Property professionals will face a major shake-up from 1 July, with new AML reporting obligations or risk multimillion-dollar penalties for breaches. Here is how to stay compliant while saving time.
From 1 July, real estate agents, buyer’s agents, conveyancers, and other property professionals will be required to implement formal anti-money laundering (AML) programs, screen customers, and report suspicious activity as part of a broader effort to combat financial crime.
While there is still time to prepare, failure to meet requirements will attract daily fines of $19,500, making the right AML provider essential for agencies.
According to AML Partners founder John Nguyen, the reforms marked a major shift for the real estate industry, with AML laws having existed since 2006 but applying primarily to banks and other financial institutions.
“The biggest change to the industry is actually that now everybody has to screen the customers and essentially do the exact same checks as what the banks have been doing for the last 20 years,” Nguyen said.
Drawing on more than a decade of experience in banking AML compliance, Nguyen launched AML Partners in September 2025 to help real estate professionals navigate the incoming reforms.
“We’ve been helping the big banks Westpac, CBA, ANZ, and Suncorp with their AML compliance for the last 10 years.”

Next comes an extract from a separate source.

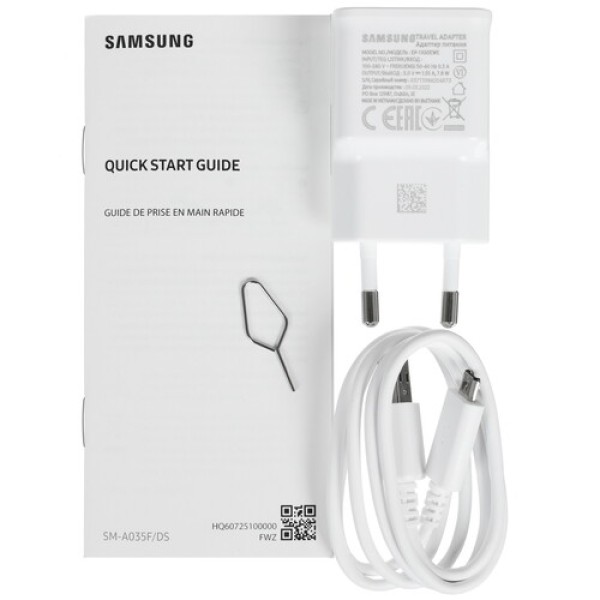 6.5" Смартфон Samsung Galaxy A03 32 ГБ черный [8x(1.6 ГГц), 3 Гб, 2 SIM, PLS, 1600x720, камера 48+2 Мп, 4G, GPS, 5000 мА*ч]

“We knew how difficult it was for the banks to become compliant, and if the banks can’t get it right, what luck does the local real estate agency have?”
From 1 July, Nguyen said property professionals will face a range of new compliance obligations beyond simply screening customers.
“Businesses will need to enrol with AUSTRAC, undertake risk assessments, implement AML programs and appoint compliance officers who will oversee activities and act as the primary point of contact with the regulator.”
“Ongoing obligations will also include annual staff training, record keeping for seven years, independent audits every three years and annual reporting to AUSTRAC.”
Nguyen said the most significant operational change for agencies will be customer screening, with businesses required to verify identities and conduct sanctions.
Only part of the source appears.